Monaco
Monaco
The Grimaldi family has ruled Monaco since 1297, when Francois Grimaldi entered the fortress disguised as a Franciscan monk and seized control. The disguised monk is still on the coat of arms, which is the kind of self-aware institutional joke that takes centuries to appreciate fully. The principality has grown around 20% through land reclamation from the sea since then – the newest district, Mareterra, completed in 2024 and adding 6 hectares east of Larvotto – and is now a sovereign city-state of 2 square kilometres with roughly 38,000 residents, the most densely populated country in the world. The Grimaldis are still in charge, which is an unusual continuity in European governance.

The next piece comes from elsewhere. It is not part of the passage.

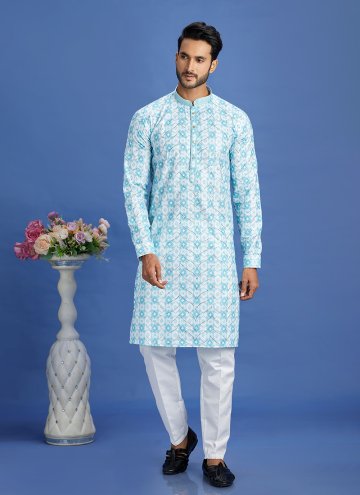 Aqua Blue Cotton  Digital Print Kurta Pyjama for Engagement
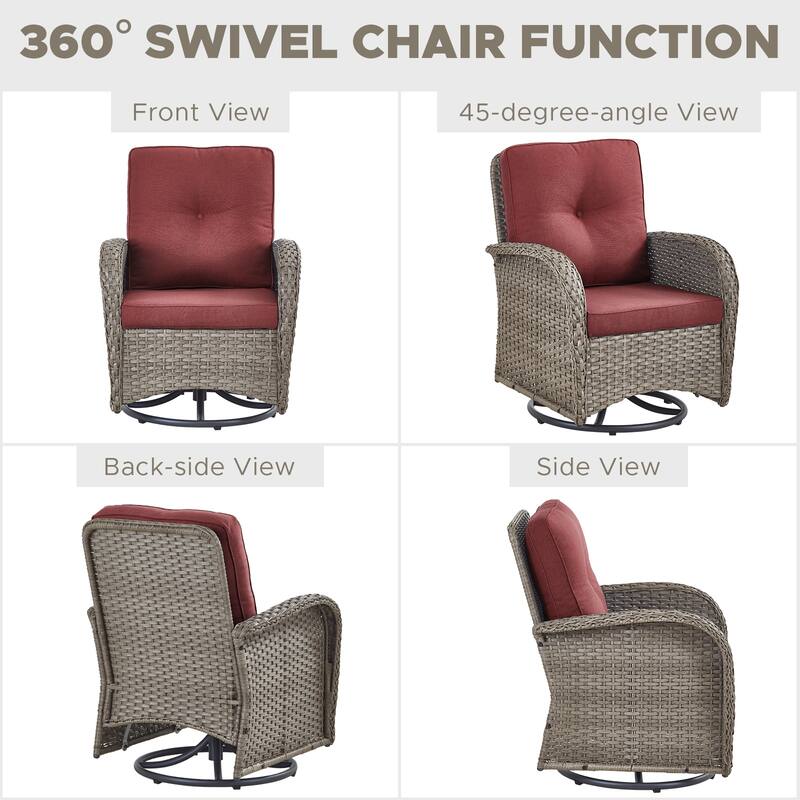 Outdoor Swivel Gliders Chair with Tempered Glass Side Table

Monaco sits between the French Riviera and the Mediterranean, 15 km from the Italian border, and within its footprint contains a Grand Prix circuit, a Belle Epoque casino, a world-class oceanographic museum, a deepwater superyacht marina, an opera house, and some of the most expensive real estate on earth. It works beautifully as a day trip from Nice or as a short stay of its own.
Getting Oriented
Monaco divides into distinct neighbourhoods. Monaco-Ville (Le Rocher) is the fortified old town on a limestone promontory with the Prince’s Palace, Cathedral, and Oceanographic Museum. La Condamine is the port district below, centred on Port Hercule. Monte Carlo is the glittering eastern district of the casino, grand hotels, and the Salle Garnier opera house. Monaco is small enough to walk across in under an hour, but it climbs steeply from the sea; public lifts and escalators link the levels.
What to See
The Prince’s Palace, parts of which date to a 12th-century Genoese fortress, has state apartments open to visitors in summer. The Changing of the Guard at 11:55 outside the main gate is a brief, free daily spectacle.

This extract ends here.